§ WHAT THIS TASK INVOLVES:
What is the number of lines in the entries that include the word "brown"? Respond with the number only.

§ INPUT RECORDS:
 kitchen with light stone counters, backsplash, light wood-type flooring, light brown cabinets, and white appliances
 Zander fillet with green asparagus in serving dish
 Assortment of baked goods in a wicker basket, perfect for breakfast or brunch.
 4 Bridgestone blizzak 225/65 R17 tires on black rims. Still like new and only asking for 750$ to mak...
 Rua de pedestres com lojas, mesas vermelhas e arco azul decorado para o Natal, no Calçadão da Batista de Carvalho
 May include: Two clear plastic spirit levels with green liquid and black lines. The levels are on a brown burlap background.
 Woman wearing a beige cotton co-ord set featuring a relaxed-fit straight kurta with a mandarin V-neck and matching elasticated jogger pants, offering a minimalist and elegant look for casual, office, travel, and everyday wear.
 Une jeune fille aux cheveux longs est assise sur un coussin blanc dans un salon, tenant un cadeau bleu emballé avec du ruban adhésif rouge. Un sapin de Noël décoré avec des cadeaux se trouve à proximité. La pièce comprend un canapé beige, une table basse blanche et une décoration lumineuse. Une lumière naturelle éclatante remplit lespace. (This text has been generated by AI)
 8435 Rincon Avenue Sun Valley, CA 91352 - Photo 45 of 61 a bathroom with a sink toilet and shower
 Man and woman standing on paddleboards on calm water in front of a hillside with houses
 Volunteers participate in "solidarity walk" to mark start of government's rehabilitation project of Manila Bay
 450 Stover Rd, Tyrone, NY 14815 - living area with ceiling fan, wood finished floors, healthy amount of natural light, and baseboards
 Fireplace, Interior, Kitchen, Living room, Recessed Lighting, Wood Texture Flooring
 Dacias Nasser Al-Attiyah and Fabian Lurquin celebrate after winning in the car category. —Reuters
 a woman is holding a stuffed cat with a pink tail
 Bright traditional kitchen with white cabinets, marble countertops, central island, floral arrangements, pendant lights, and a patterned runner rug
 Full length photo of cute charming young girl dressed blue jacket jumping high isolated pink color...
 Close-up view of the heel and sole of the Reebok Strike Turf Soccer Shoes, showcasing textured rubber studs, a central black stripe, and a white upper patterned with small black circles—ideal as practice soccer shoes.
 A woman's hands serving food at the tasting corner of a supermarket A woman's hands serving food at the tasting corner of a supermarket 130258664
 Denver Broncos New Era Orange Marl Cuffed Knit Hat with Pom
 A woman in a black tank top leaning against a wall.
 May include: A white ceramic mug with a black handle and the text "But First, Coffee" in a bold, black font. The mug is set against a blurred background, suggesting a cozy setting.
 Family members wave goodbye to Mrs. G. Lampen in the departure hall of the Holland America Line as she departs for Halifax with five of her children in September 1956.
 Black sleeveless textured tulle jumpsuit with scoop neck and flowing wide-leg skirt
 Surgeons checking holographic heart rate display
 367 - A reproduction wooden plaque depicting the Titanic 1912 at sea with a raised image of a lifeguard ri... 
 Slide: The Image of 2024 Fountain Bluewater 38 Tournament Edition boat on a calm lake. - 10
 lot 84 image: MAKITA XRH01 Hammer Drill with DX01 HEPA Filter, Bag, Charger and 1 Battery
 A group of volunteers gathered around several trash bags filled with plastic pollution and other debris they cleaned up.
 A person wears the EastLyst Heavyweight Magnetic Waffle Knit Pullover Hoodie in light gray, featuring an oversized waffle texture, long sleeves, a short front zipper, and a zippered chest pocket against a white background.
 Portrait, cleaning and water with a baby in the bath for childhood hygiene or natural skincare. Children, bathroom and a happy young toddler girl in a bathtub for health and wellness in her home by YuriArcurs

§ YOUR RESPONSE:
2